A juzgar por ciertos testimonios la reacción del público fue similar a la de la niña en el Prado: un querer y no querer ver, rechazo y deseo, el encuentro perturbador con una emoción insondable y sin nombre. Así, cuando en 1855 se publicaron en el London Times las primeras fotografías de la guerra de Crimea, el editor prevenía a los lectores ante su posible desencanto, pues las tomas captadas por el corresponsal gráfico Roger Fenton, con muchas limitaciones técnicas y logísticas, seguramente no correspondían a la avidez del público de ver una guerra “de verdad”. Sin embargo, no pasó mucho tiempo para que la tecnología fotográfica satisficiera esa exigencia (pensemos, por ejemplo, en las imágenes captadas en pleno fusilamiento durante la Revolución Mexicana) y la proyectara en todas direcciones, incluyendo las muchas otras formas de violencia inherentes a la expansión capitalista, o bien, ¿cómo no nombrarlo?, al propio acervo instintivo del hombre.
Digamos que a partir de los años veinte-treinta del siglo pasado no nada más se podía verlo todo: había que verlo todo.

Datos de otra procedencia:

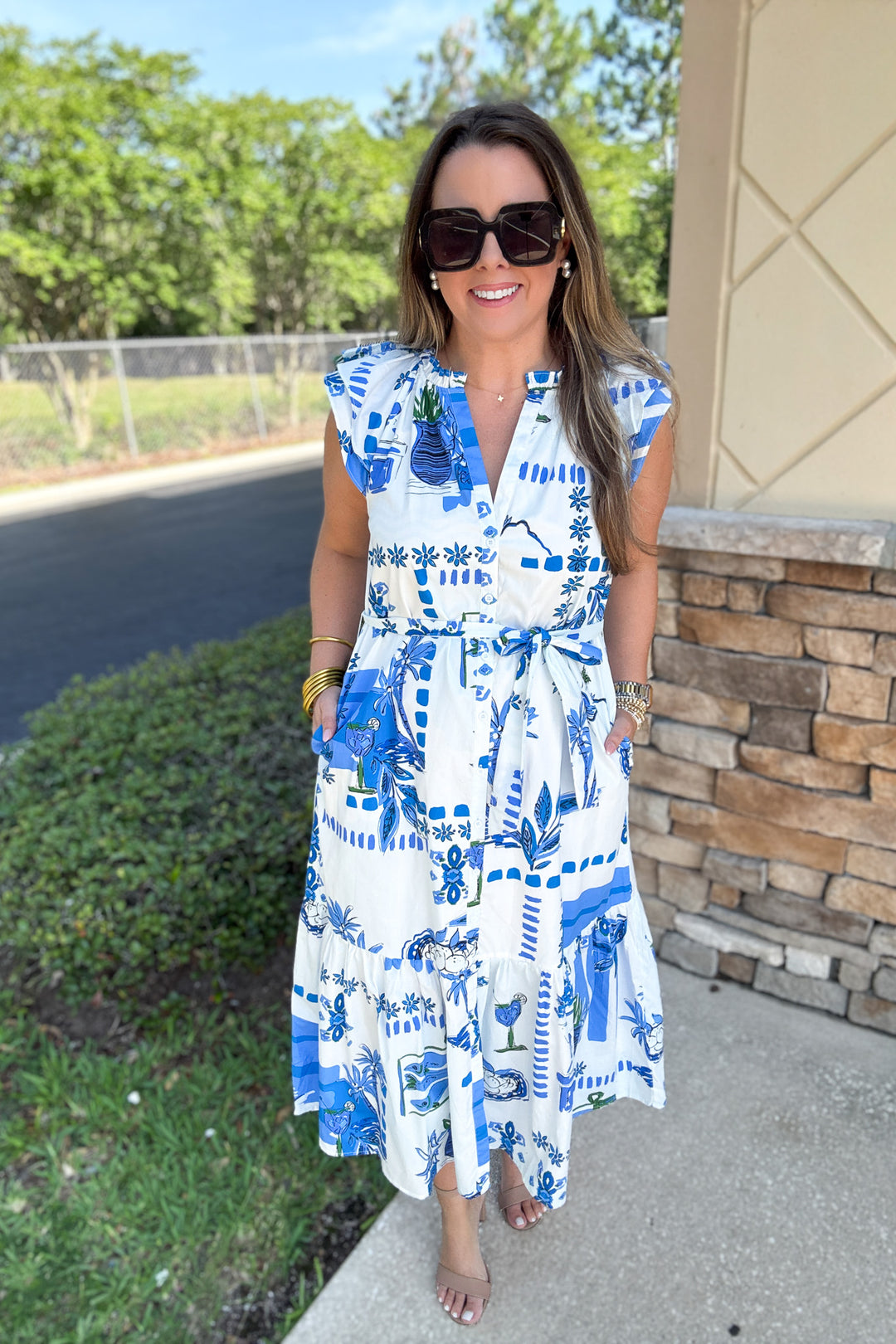 Postcard Button Front Midi Dress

Tal era el imperativo de esa civilización de entreguerras que trajo consigo tanto el ojo emblemático de Un perro andaluz (Luis Buñuel, 1929) en un acto simbólico de violencia extrema hacia la mirada y los provocativos fotomontajes vanguardistas contra el ascenso del fascismo, como las primeras grandes revistas ilustradas en cuyas páginas convivieron codo con codo fotografías de moda, de deportes, de vida animal, de las víctimas de la mafia durante la Prohibición, de cuerpos exangües de piel oscura tras un linchamiento, de las infames condiciones de vida en alguna aldea africana… Aún faltaba lo peor (Stalingrado, Auschwitz, Hiroshima), pero pasada la Segunda Guerra Mundial en el imaginario occidental la guerra de las armas empezó a perder el monopolio de la violencia por antonomasia y la cultura de masas, pronto nutrida de televisión, estaba ya bien familiarizada con Saturno. Que la violencia como expresión creativa llegara al arte, específicamente al arte fotográfico, fue sólo cuestión de tiempo.
Ahora bien, ¿cómo incide en una sociedad la divulgación gráfica de toda clase de conductas violentas e incluso su recreación performática en diversas expresiones artísticas que se valen de la fotografía?, ¿se trata de una manera de hacernos conscientes de una realidad que preferiríamos ignorar, o el efecto es justamente el contrario, a saber, aterrorizarnos (o fascinarnos: otra forma de parálisis) ante los efectos para impedir que indaguemos las causas? Resulta imposible dar respuesta a estas preguntas de manera general, sin contextualizarlas dentro de un tiempo histórico y un lugar geográfico. Sin embargo, por lo que hace a los nuestros, es decir, a México en este primer trecho del siglo XXI, vale le pena ensayar una actitud capaz de sobreponerse al mero horror de las imágenes, con el fin de analizar y atacar las causas que han convertido al país en una pintura negra de Goya. De lo contrario, todos nos convertiremos un poco en Saturno.